That maximum payment is then converted into a maximum loan using the reverse-annuity formula:
Maximum loan = monthly payment × ((1 − (1 + r)^−n) / r)
where r is the monthly interest rate and n is the number of monthly periods over the loan term.
What affordability is not
- It is not a lending decision. Lenders apply their own assessment criteria — credit history, employment status, policy stress tests, product-specific rules — that often produce a different (usually lower) number than a self-reported affordability calculation.
- It is not a target. Most financial advisers recommend borrowing 70–80% of the calculator’s maximum to leave headroom for rate rises and life changes.
- It does not guarantee servicing. A loan that fits today’s affordability calculation can become unaffordable if rates rise, income falls, or major expenses emerge.
Levers that change affordability
- Income — higher gross income directly increases the maximum payment and the maximum loan.

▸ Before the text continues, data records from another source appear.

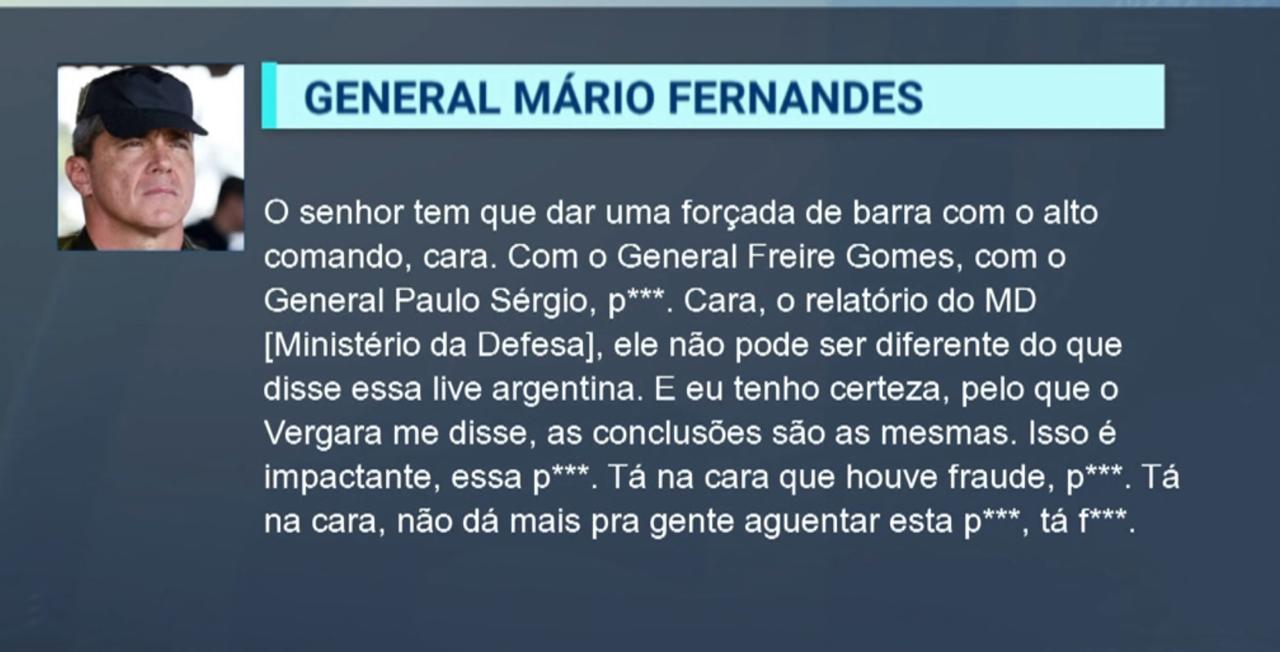 Áudios revelam militares discutindo golpe de Estado após vitória de Lula | Reprodução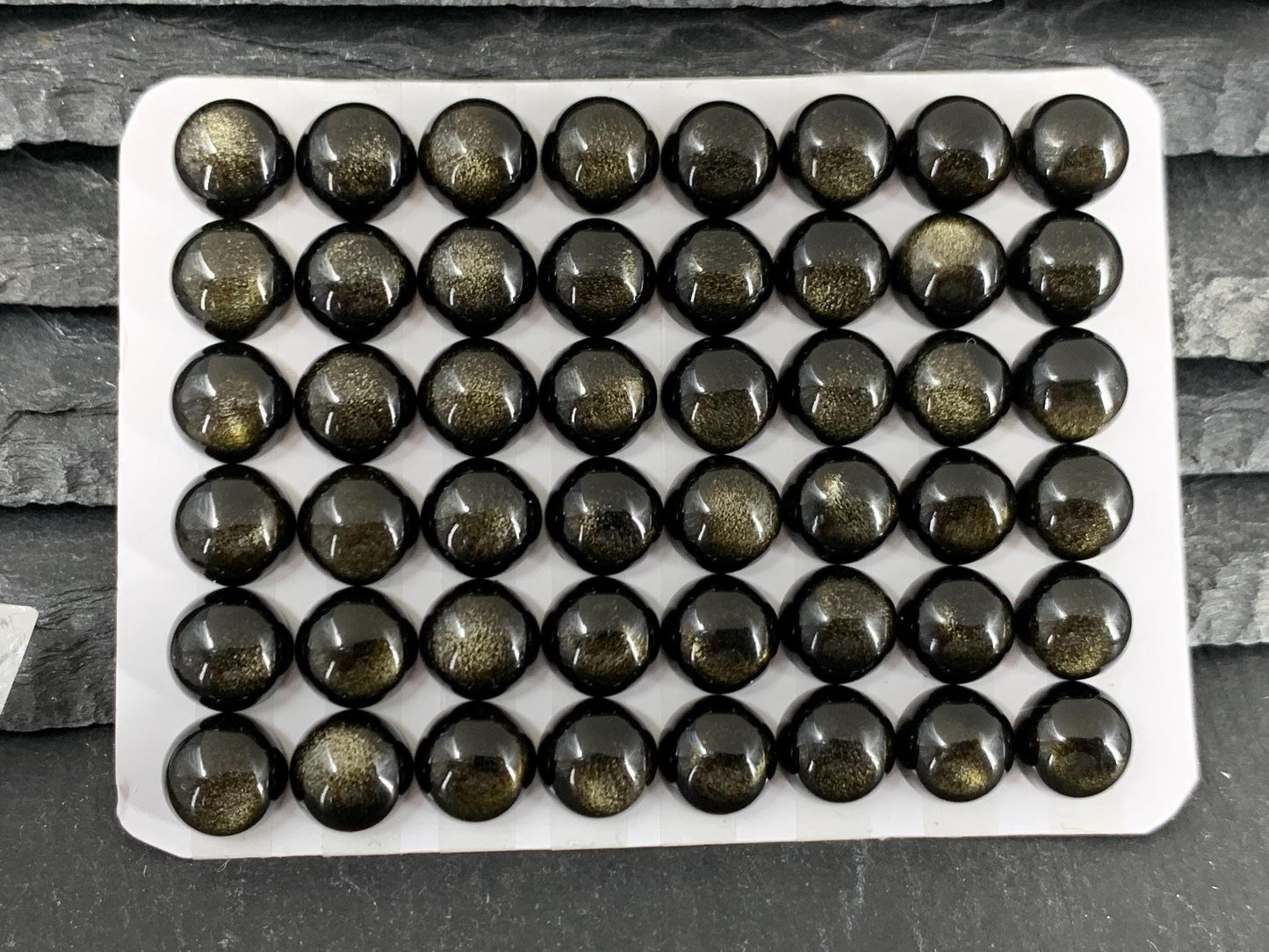 Gold Obsidian round 8mm cabochon - Calibrated cabochons AAA quality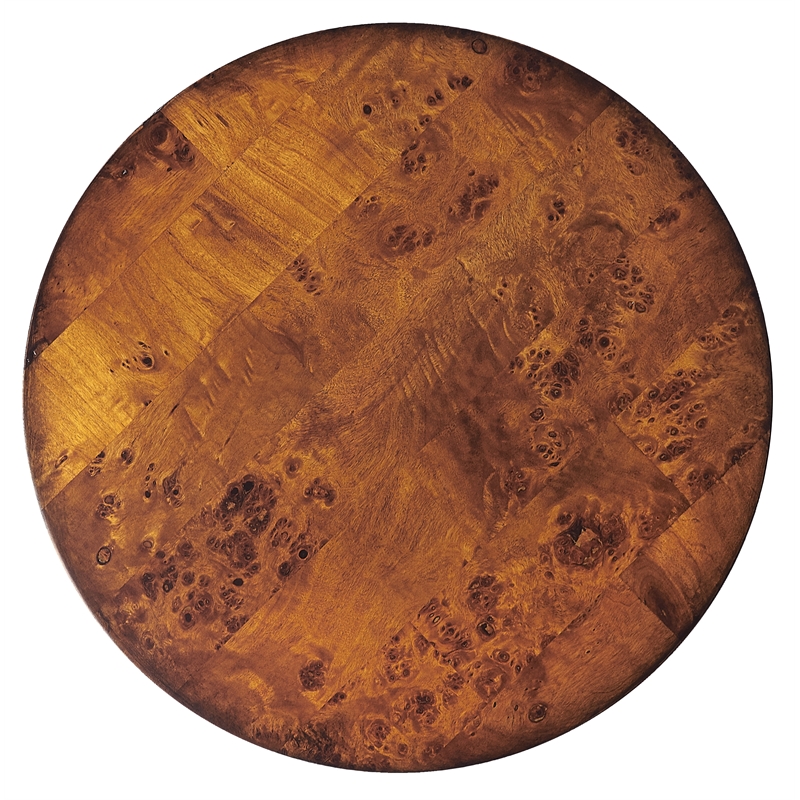 Pemberly Row Set of 2 Round Rubberwood Accent Tables In Olive Ash Burl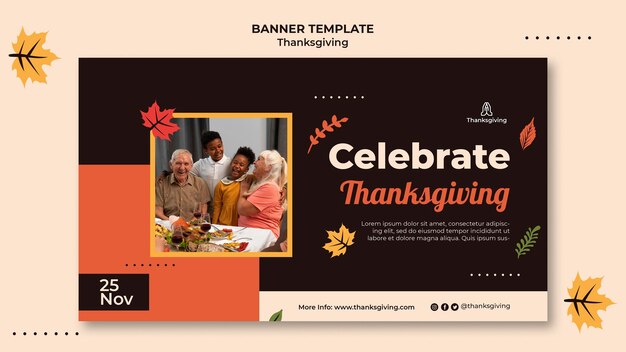 Thanksgiving design template of banner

- Existing expenses — every dollar of existing monthly commitment reduces the affordable mortgage payment dollar for dollar.
- DTI cap — a more aggressive cap (40%+) supports a larger loan but leaves less slack for shocks.
- Interest rate — every 1 percentage point of rate movement at typical mortgage levels changes the maximum loan by roughly 10–12%.
- Loan term — extending from 25 to 30 years adds roughly 10–15% to the maximum loan, at the cost of significantly more total interest.
- Deposit size — doesn’t directly change monthly affordability, but shifts the property price you can target and may unlock lower rates at lower loan-to-value ratios.
Why affordability matters
Affordability bridges the gap between “what you want to buy” and “what your income realistically supports.” A robust affordability check, run before approaching a lender, frames the entire property search realistically and avoids the wasted effort of falling in love with properties that are out of reach. It also surfaces the implicit choices — DTI cap, term length, deposit — that shape the trade-off between property quality and financial slack.
Disclaimer: Definitions are provided for informational purposes only and do not constitute financial advice. Always consult a qualified financial adviser before making financial decisions.